What Sugar Tells Us About Apple TV+’s Ambitions
It’s worth stepping back and looking at where Sugar fits in the broader Apple TV+ landscape. The platform has developed a reliable instinct for prestige genre hybrids — shows that use familiar formats (the detective story, the workplace comedy, the spy thriller) as Trojan horses for something more ambitious. Severance is the obvious comparison point, a workplace drama that turns out to be a meditation on identity and autonomy. Sugar is doing something similar with noir.
Apple TV+ greenlit Sugar season 2 having already absorbed the risk of the original twist. The audience that stayed through episode 6 and came out the other side enthusiastic is exactly the audience that will follow John Sugar into whatever emotional territory Sugar season 2 maps out. That’s a valuable, engaged viewer base — smaller than a broadcast hit, but the kind that generates the conversation Apple needs to keep justifying its streaming spend.
For Colin Farrell, the show also represents a different kind of creative bet than his more prominent awards-season work. His performance in The Banshees of Inisherin was all contained anguish and bewildered hurt. John Sugar asks something different: a character who has every reason to feel out of place, but who chooses warmth over detachment every time. As that character starts to crack and grow in season 2, the performance will need to carry a lot of the emotional weight. Based on what Farrell describes, he sounds like he knows exactly where John Sugar needs to go — and, crucially, what it costs him to get there.
Source: The Verge
Frequently Asked Questions
When does Sugar season 2 start streaming on Apple TV+?
Sugar season 2 begins streaming on Apple TV+ on June 19th.
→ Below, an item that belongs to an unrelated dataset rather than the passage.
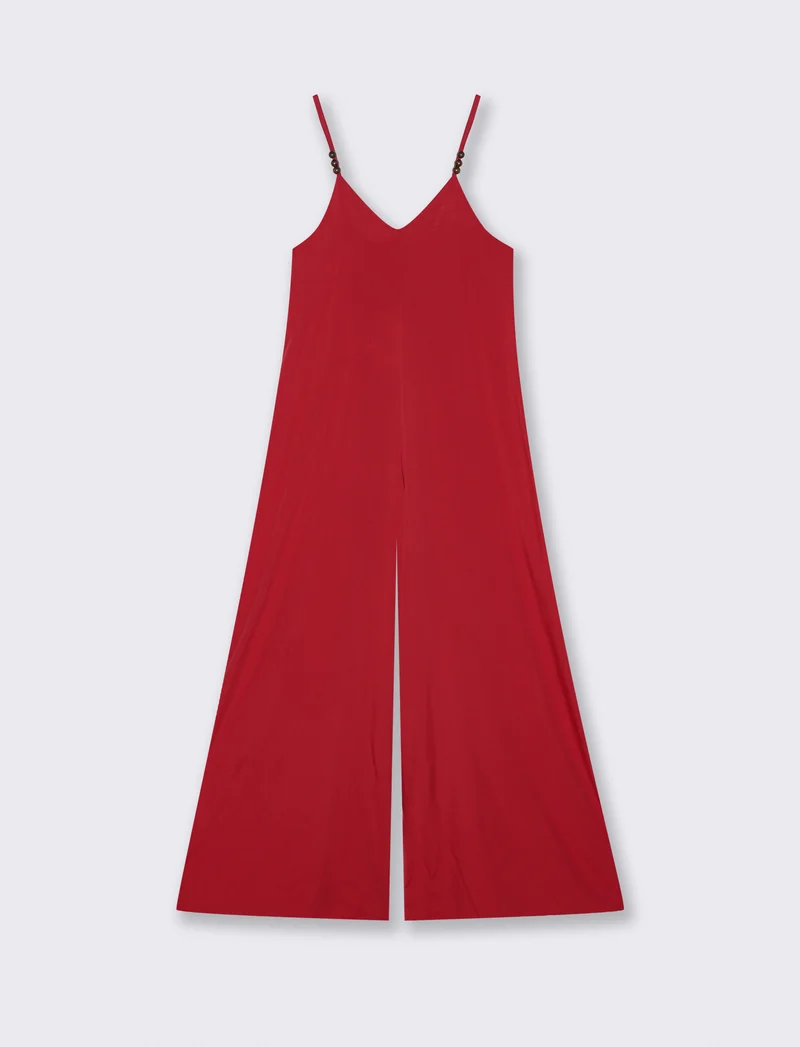 Vestito lungo in viscosa con bretelle - Rosso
Colin Farrell returns as John Sugar, the alien private detective who chose to remain on Earth after his fellow extraterrestrials fled at the end of season 1.
Is Sugar season 2 still science fiction?
Yes. Sugar season 2 continues to build on the sci-fi foundations established in season 1, where it was revealed that John Sugar is an alien. The new season explores his origins further while placing him in increasingly human emotional situations.
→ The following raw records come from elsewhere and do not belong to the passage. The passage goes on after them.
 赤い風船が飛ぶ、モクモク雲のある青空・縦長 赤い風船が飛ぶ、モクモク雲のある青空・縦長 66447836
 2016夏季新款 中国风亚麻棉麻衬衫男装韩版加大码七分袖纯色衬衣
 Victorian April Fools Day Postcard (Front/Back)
What case does John Sugar investigate in Sugar season 2?
In Sugar season 2, John Sugar takes on a case involving the missing brother of an up-and-coming boxer, which pulls him deep into Los Angeles’ underground drug trade. At the same time, he’s searching for answers about his own missing sister.
Does Sugar season 2 contain major spoilers from season 1?
Yes. Sugar season 2 builds directly on the reveal from season 1, episode 6, that John Sugar is an alien. Viewers unfamiliar with that twist should watch season 1 first. Colin Farrell has confirmed no reveal in season 2 is quite as seismic as that one.